Fifteen years ago, riots broke out in Los Angeles after four police officers -- accused of attacking black motorist Rodney King -- were aquitted in court.
Here is a timeline on the events, beginning with the King incident:
March 3, 1991 - Rodney King leads California High Patrol officers on a high-speed chase. Once stopped, King is pulled from the car and beat with a baton.
March 4, 1991 - Footage of the beating airs on television news programs worldwide. The next day, four officers are charged with assault and the use of excessive force.
March 26, 1991 - The officers enter a plea of "not guilty."

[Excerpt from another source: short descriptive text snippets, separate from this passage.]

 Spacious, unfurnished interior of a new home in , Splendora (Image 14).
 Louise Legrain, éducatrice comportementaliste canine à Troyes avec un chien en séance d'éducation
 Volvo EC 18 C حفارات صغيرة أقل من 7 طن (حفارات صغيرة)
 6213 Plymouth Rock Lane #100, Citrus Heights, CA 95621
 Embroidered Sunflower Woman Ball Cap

April 29, 1992 - More than a year later, the trial concludes and a white jury acquits the officers. A group gathers at the intersection of Florence and Normandie Avenues in Los Angeles. Police retreat from the scene. A white truck driver, Reginald Denny, stops at a traffic light at the intersection. He is dragged from his vehicle and beaten by a group of black gang members. The whole scene is broadcast live thanks to news helicopters hovering overhead. Arsonists torch buildings and looting begins.
April 30, 1992 - Open gun battles occur as shop owners defend themselves from the looters. LA Mayor Tom Bradley declares a state of emergency and imposes a curfew. The National Guard is deployed.

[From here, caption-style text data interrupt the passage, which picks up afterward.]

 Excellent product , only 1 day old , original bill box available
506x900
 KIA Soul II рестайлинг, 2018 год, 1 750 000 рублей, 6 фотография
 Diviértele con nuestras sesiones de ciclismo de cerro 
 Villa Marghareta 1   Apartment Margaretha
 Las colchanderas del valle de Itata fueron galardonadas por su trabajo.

May 1, 1992 - Rodney King goes on television and famously asks, "Can we get along?" That night President Bush addresses the nation from the Oval Office and outlines the federal response to the riots.
May 2, 1992 - Thousands of soldiers and Marines are deployed to disperse the crowds. LA begins to quiet down.
May 4, 1992 - Mayor Bradley lifts the curfew. Random incidents of violence continue, but the worst of the riots is over.
May 9, 1992 - Federal troops stand down.